The Growing Republic

Thus it is necessary to throw overboard a great mass of edifying and famous history in the interest of youth. There were no contemporary records, the annals and fasti upon which Livy’s immediate predecessors relied in the first century B.C. are demonstrably of late concoction. Everywhere we can see the influence of Greek artists importing fragments of Greek history, rationalising names and customs, antedating and reduplicating later constitutional struggles, writing appropriate speeches for early parliamentarians who never existed, and generally demonstrating the power of Greek invention to flatter Roman credulity. The great families of 200 B.C. and onwards found themselves as rich and powerful as nabobs; they had great historic names, and when there was a funeral in the family they sent out a long procession of waxen images to represent the noble ancestors of the deceased. At such times there would be funeral orations recounting the deeds of those heroic ancestors. Every family had its traditions, as glorious and as authentic as those of the descendants of Brian Boru. When literature came into fashion and needy Greek scribes offered a plausible stilus to any rich patron, Roman history began to exist, sometimes bearing respectable Roman names but always written in Greek. It is thus that we get the series of heroic actions attributed to Fabii and Horatii and deeds of wicked pride ascribed to ancestral Claudii. Whatever it may cost us in pangs for the fate of pretty tales I fear we must not scruple to use the knife freely in this region of literary history. A glance at the following coincidences will help to allay our scruples: Tarquin the Roman tyrant was driven out in the same year as Hippias the Athenian tyrant (510 B.C.); the Twelve Tables at Rome were drawn up in the same year as the code of Protagoras at Thurii (451 B.C.); 300 Fabii died to a man in the battle of Cremera just about the same time as 300 Spartans died to a man with Leonidas at Thermopylæ in 480 B.C. To put it briefly: Nothing anterior to the Gallic invasion of 390 B.C. and very little for nearly another century can be accepted on literary evidence alone.

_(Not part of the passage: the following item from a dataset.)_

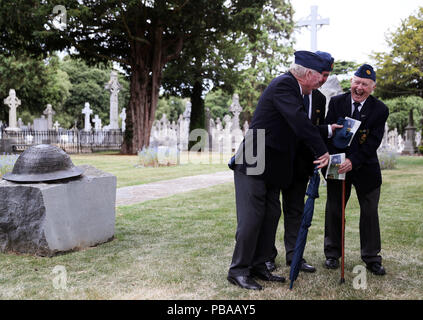 Irish Air Corps Veteranen nach einer Zeremonie die Enthüllung einer Victoria Cross Stein in Glasnevin Cemetery in Dublin, die sich mit großen Edward&Ograve; Mick&Oacute; Mannock V.C. Stockfoto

Plate VII. ETRUSCAN TOMB, IN TERRA-COTTA

So far as we can read the stones, the earliest Rome consisted of a settlement on the Palatine Hill, with a citadel and a temple on the Capitol, and with a forum or market on the low ground between them. On the Esquiline Hill was a plebeian settlement. It was a pastoral and agricultural community, expressing wealth in terms of cattle, ploughing and reaping so much of the Campagna as their farmers could reach in a day or their armies protect. From the very earliest times the community consisted of a few great houses of patrician blood with numerous clients and slaves. In every house the father was king absolute, with power of life and death over his sons, daughters, and slaves. Daughters passed from the hand of the father to the hand of the husband, like any other property, by a form of sale. Out of remote antiquity comes a piece of genuine Latin:

SI PARENTEM PVER VERBERIT AST OLE PLORASIT PVER
DIVIS PARENTVM SACER ESTO

—“If a boy beats his father and the father complains let the boy be devoted to the gods of parents,” i.e. slain as a sacrifice. It was a commonwealth of such parents—no republican lovers of liberty, be sure—whose chiefs met to discuss policy in the temple, as the Senate, and who themselves assembled in a body, fully armed, as the comitium, to vote upon the Senate’s decrees conveyed by the consuls.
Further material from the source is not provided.